» TASK TO COMPLETE: The required output is every line from the beginning of the entries below through the line that includes "High Top Canvas Sneakers for Women", copied exactly.

» SUPPLIED ENTRIES:

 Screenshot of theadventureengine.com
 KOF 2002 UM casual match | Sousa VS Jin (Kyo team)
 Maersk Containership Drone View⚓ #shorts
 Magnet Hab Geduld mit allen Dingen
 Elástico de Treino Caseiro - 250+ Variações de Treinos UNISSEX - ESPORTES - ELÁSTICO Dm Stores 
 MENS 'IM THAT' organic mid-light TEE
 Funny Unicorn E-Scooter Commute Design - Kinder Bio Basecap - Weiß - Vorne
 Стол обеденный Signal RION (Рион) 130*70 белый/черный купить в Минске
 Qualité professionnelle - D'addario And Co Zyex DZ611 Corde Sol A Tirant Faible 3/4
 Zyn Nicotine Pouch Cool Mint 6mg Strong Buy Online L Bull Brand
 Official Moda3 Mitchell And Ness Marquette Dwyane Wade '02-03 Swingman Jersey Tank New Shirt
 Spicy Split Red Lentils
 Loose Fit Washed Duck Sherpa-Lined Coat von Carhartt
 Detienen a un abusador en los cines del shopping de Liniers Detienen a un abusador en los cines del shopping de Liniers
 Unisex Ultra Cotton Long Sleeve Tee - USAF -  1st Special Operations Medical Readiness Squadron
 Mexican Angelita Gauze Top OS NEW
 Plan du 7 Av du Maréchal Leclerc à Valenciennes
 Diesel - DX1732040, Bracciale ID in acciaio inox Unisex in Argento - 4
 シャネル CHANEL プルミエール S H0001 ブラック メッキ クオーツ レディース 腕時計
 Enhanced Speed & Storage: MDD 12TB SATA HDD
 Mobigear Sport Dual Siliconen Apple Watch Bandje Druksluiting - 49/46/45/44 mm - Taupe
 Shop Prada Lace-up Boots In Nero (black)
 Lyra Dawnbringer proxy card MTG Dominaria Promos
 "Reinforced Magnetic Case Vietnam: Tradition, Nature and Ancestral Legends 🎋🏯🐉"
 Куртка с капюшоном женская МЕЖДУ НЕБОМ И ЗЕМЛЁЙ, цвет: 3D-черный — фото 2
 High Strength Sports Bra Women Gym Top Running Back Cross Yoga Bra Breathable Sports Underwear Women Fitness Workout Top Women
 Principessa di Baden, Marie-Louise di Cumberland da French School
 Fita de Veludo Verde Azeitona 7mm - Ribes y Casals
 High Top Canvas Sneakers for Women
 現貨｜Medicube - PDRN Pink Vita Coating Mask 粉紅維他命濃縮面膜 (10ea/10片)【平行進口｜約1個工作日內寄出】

» OUTPUT:
 Screenshot of theadventureengine.com
 KOF 2002 UM casual match | Sousa VS Jin (Kyo team)
 Maersk Containership Drone View⚓ #shorts
 Magnet Hab Geduld mit allen Dingen
 Elástico de Treino Caseiro - 250+ Variações de Treinos UNISSEX - ESPORTES - ELÁSTICO Dm Stores 
 MENS 'IM THAT' organic mid-light TEE
 Funny Unicorn E-Scooter Commute Design - Kinder Bio Basecap - Weiß - Vorne
 Стол обеденный Signal RION (Рион) 130*70 белый/черный купить в Минске
 Qualité professionnelle - D'addario And Co Zyex DZ611 Corde Sol A Tirant Faible 3/4
 Zyn Nicotine Pouch Cool Mint 6mg Strong Buy Online L Bull Brand
 Official Moda3 Mitchell And Ness Marquette Dwyane Wade '02-03 Swingman Jersey Tank New Shirt
 Spicy Split Red Lentils
 Loose Fit Washed Duck Sherpa-Lined Coat von Carhartt
 Detienen a un abusador en los cines del shopping de Liniers Detienen a un abusador en los cines del shopping de Liniers
 Unisex Ultra Cotton Long Sleeve Tee - USAF -  1st Special Operations Medical Readiness Squadron
 Mexican Angelita Gauze Top OS NEW
 Plan du 7 Av du Maréchal Leclerc à Valenciennes
 Diesel - DX1732040, Bracciale ID in acciaio inox Unisex in Argento - 4
 シャネル CHANEL プルミエール S H0001 ブラック メッキ クオーツ レディース 腕時計
 Enhanced Speed & Storage: MDD 12TB SATA HDD
 Mobigear Sport Dual Siliconen Apple Watch Bandje Druksluiting - 49/46/45/44 mm - Taupe
 Shop Prada Lace-up Boots In Nero (black)
 Lyra Dawnbringer proxy card MTG Dominaria Promos
 "Reinforced Magnetic Case Vietnam: Tradition, Nature and Ancestral Legends 🎋🏯🐉"
 Куртка с капюшоном женская МЕЖДУ НЕБОМ И ЗЕМЛЁЙ, цвет: 3D-черный — фото 2
 High Strength Sports Bra Women Gym Top Running Back Cross Yoga Bra Breathable Sports Underwear Women Fitness Workout Top Women
 Principessa di Baden, Marie-Louise di Cumberland da French School
 Fita de Veludo Verde Azeitona 7mm - Ribes y Casals
 High Top Canvas Sneakers for Women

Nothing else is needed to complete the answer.